Supporting Pre-Peak Scale-up and Post-Peak Scale-Down with DBFS
Alibaba Cloud’s Approach in 2017
Way back in 2017, Dr. Wang Jian initiated a lively discussion about whether “IDC as a computer” was possible. To achieve this objective, storage and computing resources must be separated and independently and freely scheduled by the scheduler. Among all businesses, databases lead the difficulty in achieving storage and computing separation. This is because databases impose extremely demanding requirements on I/O latency and stability. However, storage and computing separation is becoming a technical trend in the industry, and it has been implemented in Google Spanner and Aurora.

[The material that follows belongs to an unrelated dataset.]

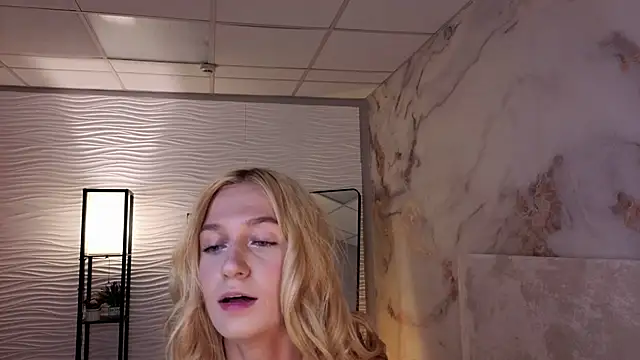 Chatroom XXX en direct de SerenaCrystall
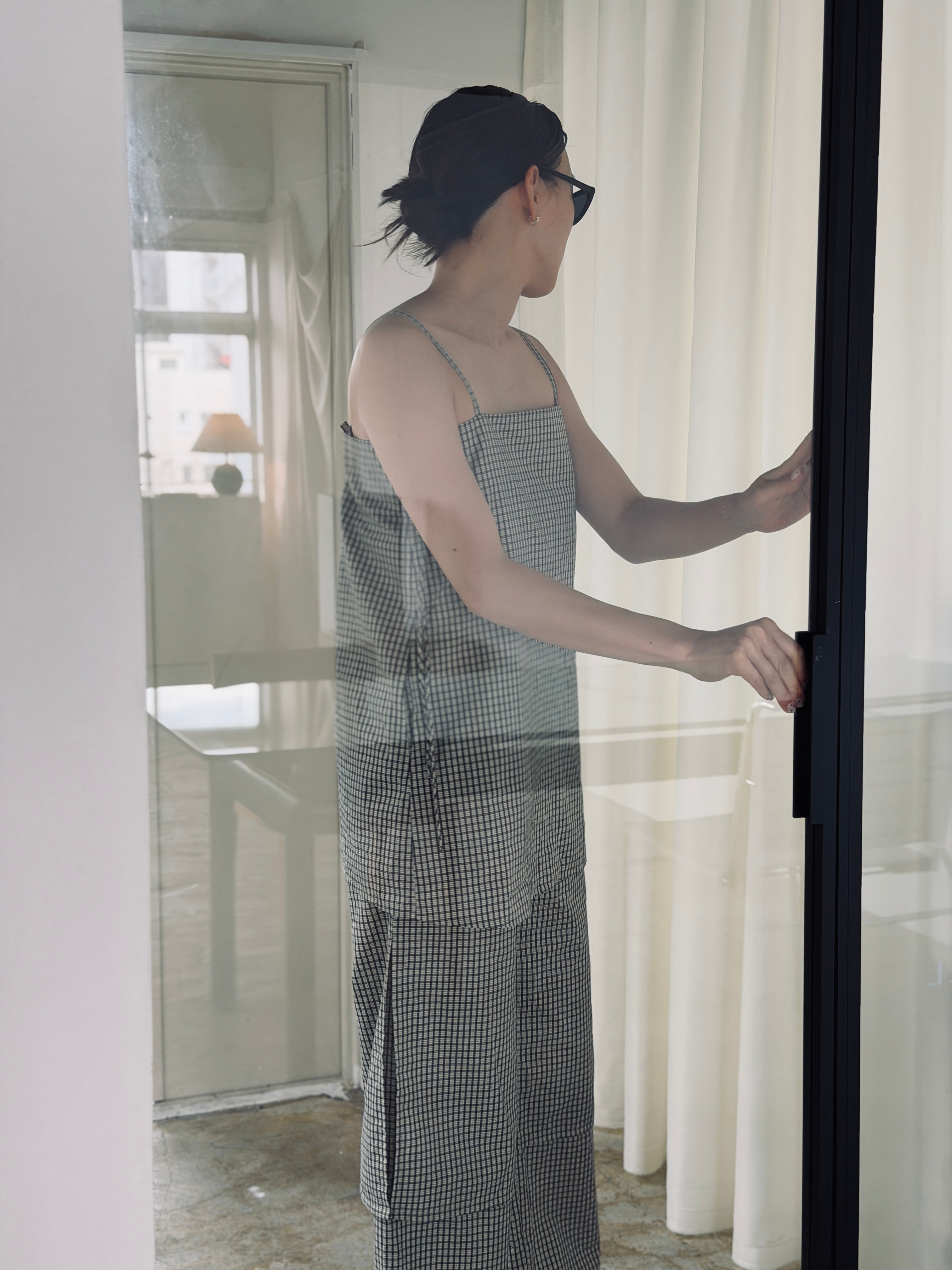 Check Cami / BLACKIVORY – &her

In 2017, we successfully implemented the separation of storage and computing. Based on the Apsara Distributed File System and AliDFS (ceph branch), the amount of storage and computing separation accounted for 10% of the transaction volume in the Zhangbei unit. 2017 was the first year of the implementation of database storage and computing separation, laying a solid foundation for storage and computing separation on a large scale in 2018.

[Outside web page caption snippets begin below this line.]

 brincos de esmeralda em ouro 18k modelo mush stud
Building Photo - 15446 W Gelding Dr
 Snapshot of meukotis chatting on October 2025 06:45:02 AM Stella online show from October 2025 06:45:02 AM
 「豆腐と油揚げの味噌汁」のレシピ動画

Technical Breakthroughs in 2018
As breakthroughs had been made for storage and computing separation in 2017, we pursued extreme performance and development from experiments to large-scale deployment in 2018. To reach these goals, developers faced considerable challenges. On the basis of the breakthroughs made in 2017, making storage and computing separation even more efficient, adaptive, universal, and simple presented even greater challenges in 2018.
To achieve optimal I/O performance and throughput of databases with separated storage and computing resources, we developed the user-state cluster file system, DADI DBFS. By migrating technologies to DADI DBFS user-state cluster files, we enabled full-unit and large-scale storage and computing separation for database transactions of Alibaba Cloud. As a storage middleground product, which technical innovations does DBFS offer?

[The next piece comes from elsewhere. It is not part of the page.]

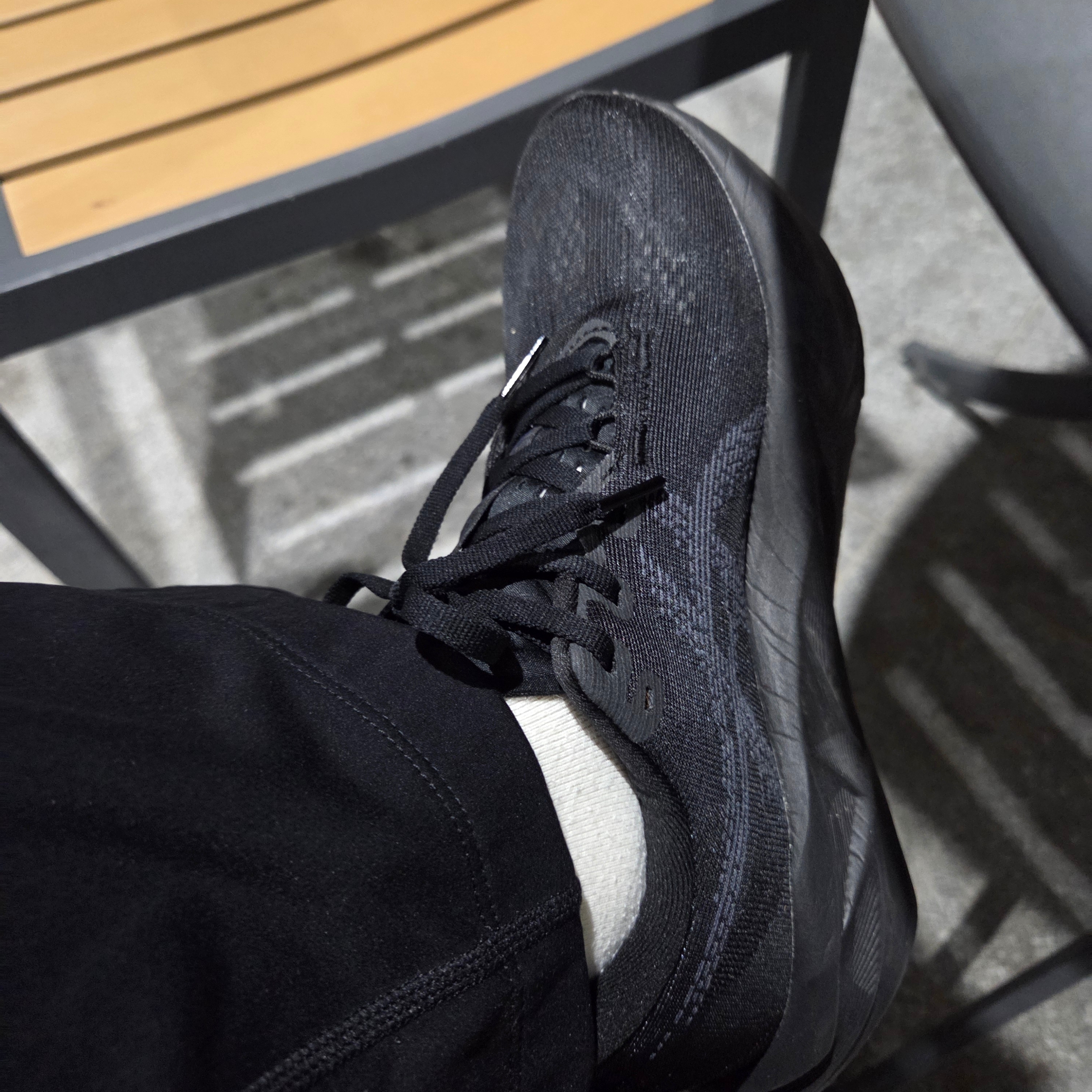 (W) Asics Novablast 5 Black Carrier Grey 착용 스타일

The user-state technology and bypass kernel are used for “zero” replication of the I/O path. This eliminates replication operations both inside and outside the kernel, greatly improving the throughput and performance.
In the past, two data copies were required when the kernel state was used: The user-state process of the business copies data to the kernel, and the kernel data is copied to the user-state network for forwarding. These copies affected the overall throughput and latency.
After the user state is applied, the polling model is used to send I/O requests. For CPU usage in polling mode, the adaptive sleep technology is applied so that core resources are not wasted during idle periods of the CPU.
DBFS directly exchanges data with Apsara Distributed File System by using the RDMA technology to provide a higher throughput and a latency that is similar to that of the local SSD. This development in 2018 made it possible to implement extremely low cross-network I/O latency, laying a firm foundation for large-scale storage and computing separation. The group’s RDMA cluster introduced in this year’s great promotion campaign is the largest cluster in the industry.
To achieve buffer I/O capabilities, page caching was implemented separately by using the touch-count-based LRU algorithm. The touch count was introduced to improve the integration with the I/O features of databases. Large table scanning is common in databases, however, because scanning data pages that are rarely used can compromise LRU efficiency, this is not desirable. To address this issue, pages are moved between the hot and cold ends based on the touch count.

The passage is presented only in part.